Problem details
Using the listing below, set down exactly the lines starting at the line that contains "Force Factor NMN" and ending at the line that contains "Pull en laine", both included, and no others.

[Exercise data]

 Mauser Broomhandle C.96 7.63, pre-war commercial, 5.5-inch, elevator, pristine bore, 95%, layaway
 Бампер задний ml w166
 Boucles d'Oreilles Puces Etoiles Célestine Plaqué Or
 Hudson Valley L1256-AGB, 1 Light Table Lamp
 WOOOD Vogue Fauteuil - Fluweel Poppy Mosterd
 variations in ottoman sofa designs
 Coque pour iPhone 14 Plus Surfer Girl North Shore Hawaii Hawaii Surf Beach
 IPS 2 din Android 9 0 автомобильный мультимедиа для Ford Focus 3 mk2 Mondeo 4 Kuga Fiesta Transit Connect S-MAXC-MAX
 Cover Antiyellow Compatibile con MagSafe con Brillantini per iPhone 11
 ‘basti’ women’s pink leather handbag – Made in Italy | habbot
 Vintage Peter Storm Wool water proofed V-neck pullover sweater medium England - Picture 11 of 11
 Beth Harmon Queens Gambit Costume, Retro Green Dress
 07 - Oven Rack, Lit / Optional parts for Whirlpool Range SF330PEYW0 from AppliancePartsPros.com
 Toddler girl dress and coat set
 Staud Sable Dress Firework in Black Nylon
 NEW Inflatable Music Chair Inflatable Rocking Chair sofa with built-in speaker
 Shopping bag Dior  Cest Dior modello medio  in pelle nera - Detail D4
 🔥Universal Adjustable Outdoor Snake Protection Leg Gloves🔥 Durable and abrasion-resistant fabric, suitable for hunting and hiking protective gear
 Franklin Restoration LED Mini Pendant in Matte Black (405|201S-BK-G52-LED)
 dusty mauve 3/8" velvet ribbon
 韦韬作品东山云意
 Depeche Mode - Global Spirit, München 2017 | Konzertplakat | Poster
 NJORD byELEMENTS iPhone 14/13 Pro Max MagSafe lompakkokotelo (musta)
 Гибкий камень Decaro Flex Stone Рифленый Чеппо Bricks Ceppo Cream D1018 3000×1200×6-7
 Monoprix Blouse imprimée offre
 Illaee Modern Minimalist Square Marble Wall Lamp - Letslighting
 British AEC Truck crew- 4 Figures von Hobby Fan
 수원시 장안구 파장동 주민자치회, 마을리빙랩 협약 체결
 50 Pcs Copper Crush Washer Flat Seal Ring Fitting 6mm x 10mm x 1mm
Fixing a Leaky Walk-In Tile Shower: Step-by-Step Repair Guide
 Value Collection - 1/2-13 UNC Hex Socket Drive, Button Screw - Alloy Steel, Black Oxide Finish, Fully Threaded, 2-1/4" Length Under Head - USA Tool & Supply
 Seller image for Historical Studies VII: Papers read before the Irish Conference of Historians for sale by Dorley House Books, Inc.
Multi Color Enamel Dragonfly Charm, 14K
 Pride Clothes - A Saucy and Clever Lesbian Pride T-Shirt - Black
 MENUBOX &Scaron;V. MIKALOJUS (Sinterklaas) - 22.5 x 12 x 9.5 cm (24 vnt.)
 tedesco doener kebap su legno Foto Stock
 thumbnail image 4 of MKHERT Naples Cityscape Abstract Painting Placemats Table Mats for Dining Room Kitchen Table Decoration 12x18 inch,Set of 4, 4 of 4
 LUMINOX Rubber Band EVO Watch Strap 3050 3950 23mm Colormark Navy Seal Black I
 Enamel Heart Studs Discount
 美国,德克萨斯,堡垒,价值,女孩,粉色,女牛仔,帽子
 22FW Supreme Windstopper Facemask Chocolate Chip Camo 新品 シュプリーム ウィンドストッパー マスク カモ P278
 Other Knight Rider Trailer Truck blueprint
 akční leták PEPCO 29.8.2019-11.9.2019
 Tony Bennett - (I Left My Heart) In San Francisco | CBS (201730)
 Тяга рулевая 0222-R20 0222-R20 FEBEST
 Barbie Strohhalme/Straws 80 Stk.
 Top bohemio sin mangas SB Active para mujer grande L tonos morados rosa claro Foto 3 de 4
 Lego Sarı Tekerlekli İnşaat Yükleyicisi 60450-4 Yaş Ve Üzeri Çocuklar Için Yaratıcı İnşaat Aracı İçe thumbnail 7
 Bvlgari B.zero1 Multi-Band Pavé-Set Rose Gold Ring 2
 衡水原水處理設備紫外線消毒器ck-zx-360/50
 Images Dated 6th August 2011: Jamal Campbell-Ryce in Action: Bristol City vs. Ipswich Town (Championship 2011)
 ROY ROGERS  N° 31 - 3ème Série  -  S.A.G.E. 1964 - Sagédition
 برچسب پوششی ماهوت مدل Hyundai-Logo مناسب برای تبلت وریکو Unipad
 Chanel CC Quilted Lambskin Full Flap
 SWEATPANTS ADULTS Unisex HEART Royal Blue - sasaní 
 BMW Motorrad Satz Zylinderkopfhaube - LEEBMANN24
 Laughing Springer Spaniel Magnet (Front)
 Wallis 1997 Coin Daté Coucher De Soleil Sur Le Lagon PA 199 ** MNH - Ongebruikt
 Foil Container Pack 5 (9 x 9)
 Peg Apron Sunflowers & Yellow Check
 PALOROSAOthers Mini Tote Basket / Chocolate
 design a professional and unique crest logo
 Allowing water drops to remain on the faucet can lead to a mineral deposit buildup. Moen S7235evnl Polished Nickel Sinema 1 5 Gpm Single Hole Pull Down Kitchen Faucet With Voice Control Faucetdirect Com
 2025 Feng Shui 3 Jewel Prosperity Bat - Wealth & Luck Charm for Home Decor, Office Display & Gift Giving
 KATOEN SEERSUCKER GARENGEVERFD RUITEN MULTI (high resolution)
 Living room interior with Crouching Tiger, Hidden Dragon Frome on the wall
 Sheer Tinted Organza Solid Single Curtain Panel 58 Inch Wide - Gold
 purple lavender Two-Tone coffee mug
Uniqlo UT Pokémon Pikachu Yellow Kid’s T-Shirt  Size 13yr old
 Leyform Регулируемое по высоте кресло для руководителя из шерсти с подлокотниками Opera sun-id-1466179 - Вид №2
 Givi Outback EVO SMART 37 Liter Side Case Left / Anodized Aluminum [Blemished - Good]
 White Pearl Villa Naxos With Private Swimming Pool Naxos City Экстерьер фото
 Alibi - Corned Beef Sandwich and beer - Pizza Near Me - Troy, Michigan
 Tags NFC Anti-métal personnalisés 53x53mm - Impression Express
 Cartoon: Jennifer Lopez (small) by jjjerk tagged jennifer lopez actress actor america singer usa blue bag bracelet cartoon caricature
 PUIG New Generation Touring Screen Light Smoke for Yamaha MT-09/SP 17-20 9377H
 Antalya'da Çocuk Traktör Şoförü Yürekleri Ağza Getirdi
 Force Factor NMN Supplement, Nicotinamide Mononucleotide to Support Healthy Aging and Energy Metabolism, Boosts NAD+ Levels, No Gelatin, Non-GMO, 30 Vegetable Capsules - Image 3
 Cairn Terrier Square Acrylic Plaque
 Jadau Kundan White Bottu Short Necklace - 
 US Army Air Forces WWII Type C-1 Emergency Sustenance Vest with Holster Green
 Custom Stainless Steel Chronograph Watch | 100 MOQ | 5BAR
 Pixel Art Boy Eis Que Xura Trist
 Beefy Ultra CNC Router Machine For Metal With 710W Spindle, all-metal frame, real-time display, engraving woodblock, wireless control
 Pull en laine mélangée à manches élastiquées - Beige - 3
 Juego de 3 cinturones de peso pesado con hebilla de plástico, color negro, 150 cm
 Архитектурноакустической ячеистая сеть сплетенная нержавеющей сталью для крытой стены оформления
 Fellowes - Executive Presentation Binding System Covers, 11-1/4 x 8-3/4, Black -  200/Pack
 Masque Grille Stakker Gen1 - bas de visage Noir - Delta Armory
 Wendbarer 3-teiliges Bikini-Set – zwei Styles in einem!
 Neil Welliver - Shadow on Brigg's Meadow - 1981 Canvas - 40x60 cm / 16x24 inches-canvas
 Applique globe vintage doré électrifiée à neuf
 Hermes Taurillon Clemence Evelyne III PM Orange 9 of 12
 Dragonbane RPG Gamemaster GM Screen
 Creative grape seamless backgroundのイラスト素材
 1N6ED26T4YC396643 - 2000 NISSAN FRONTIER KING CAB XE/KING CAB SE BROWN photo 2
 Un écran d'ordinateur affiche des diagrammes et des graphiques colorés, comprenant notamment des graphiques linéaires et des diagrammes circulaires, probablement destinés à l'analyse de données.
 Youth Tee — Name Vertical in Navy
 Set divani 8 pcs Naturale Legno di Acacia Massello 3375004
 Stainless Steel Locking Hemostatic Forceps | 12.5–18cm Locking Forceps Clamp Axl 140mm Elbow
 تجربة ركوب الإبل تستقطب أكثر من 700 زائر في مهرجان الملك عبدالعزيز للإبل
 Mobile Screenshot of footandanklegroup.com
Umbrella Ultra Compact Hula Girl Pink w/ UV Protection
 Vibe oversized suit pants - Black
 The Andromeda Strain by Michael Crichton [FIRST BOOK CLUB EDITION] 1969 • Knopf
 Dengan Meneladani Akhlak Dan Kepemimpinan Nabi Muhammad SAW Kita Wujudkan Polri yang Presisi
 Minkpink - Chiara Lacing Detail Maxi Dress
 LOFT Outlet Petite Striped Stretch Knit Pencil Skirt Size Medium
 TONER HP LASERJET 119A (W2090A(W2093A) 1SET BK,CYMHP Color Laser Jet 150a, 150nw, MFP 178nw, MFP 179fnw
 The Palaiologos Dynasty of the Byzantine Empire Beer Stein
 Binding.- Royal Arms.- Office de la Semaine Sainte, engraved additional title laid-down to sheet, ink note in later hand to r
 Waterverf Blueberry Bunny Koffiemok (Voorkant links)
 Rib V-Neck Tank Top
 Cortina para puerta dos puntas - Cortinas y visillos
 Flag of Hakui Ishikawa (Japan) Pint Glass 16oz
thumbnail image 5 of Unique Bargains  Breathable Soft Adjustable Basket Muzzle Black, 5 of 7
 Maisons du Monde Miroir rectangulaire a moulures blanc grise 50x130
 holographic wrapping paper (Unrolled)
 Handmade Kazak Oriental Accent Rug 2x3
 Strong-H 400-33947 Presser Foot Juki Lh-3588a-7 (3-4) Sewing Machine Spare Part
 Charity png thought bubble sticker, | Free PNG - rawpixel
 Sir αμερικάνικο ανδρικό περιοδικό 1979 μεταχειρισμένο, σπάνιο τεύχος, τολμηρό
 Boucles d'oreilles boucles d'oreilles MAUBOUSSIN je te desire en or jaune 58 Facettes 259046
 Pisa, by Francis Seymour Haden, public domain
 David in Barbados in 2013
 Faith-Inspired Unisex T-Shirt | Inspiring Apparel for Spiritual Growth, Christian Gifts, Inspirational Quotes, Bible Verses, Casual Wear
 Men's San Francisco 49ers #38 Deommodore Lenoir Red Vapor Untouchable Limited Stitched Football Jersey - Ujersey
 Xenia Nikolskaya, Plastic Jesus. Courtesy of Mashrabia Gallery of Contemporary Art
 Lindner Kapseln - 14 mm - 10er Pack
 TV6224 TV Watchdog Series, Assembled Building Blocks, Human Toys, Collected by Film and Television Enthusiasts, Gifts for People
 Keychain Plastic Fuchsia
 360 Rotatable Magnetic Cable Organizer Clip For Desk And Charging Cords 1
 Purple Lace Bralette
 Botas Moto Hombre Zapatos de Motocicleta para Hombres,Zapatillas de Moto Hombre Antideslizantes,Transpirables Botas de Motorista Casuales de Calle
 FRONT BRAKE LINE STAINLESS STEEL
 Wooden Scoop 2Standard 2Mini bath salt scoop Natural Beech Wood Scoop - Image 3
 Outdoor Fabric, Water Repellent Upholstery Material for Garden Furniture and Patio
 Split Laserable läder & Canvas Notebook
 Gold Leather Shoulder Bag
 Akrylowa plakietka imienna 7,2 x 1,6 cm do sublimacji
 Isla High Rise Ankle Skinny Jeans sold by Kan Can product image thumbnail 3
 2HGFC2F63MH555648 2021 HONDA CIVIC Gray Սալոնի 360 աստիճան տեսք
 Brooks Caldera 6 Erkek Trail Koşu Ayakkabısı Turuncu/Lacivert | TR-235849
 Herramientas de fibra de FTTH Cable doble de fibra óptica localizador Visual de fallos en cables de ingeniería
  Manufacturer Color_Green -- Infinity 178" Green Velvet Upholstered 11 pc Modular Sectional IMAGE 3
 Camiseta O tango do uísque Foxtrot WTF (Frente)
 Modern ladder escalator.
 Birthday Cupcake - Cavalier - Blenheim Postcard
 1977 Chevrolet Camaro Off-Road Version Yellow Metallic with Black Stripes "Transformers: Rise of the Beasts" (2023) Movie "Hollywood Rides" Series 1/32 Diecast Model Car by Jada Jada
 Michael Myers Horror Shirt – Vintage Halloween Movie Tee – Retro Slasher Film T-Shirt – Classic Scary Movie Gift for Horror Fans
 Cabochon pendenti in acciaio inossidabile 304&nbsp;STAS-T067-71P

[/Exercise data]

Reply to the exercise
 Force Factor NMN Supplement, Nicotinamide Mononucleotide to Support Healthy Aging and Energy Metabolism, Boosts NAD+ Levels, No Gelatin, Non-GMO, 30 Vegetable Capsules - Image 3
 Cairn Terrier Square Acrylic Plaque
 Jadau Kundan White Bottu Short Necklace - 
 US Army Air Forces WWII Type C-1 Emergency Sustenance Vest with Holster Green
 Custom Stainless Steel Chronograph Watch | 100 MOQ | 5BAR
 Pixel Art Boy Eis Que Xura Trist
 Beefy Ultra CNC Router Machine For Metal With 710W Spindle, all-metal frame, real-time display, engraving woodblock, wireless control
 Pull en laine mélangée à manches élastiquées - Beige - 3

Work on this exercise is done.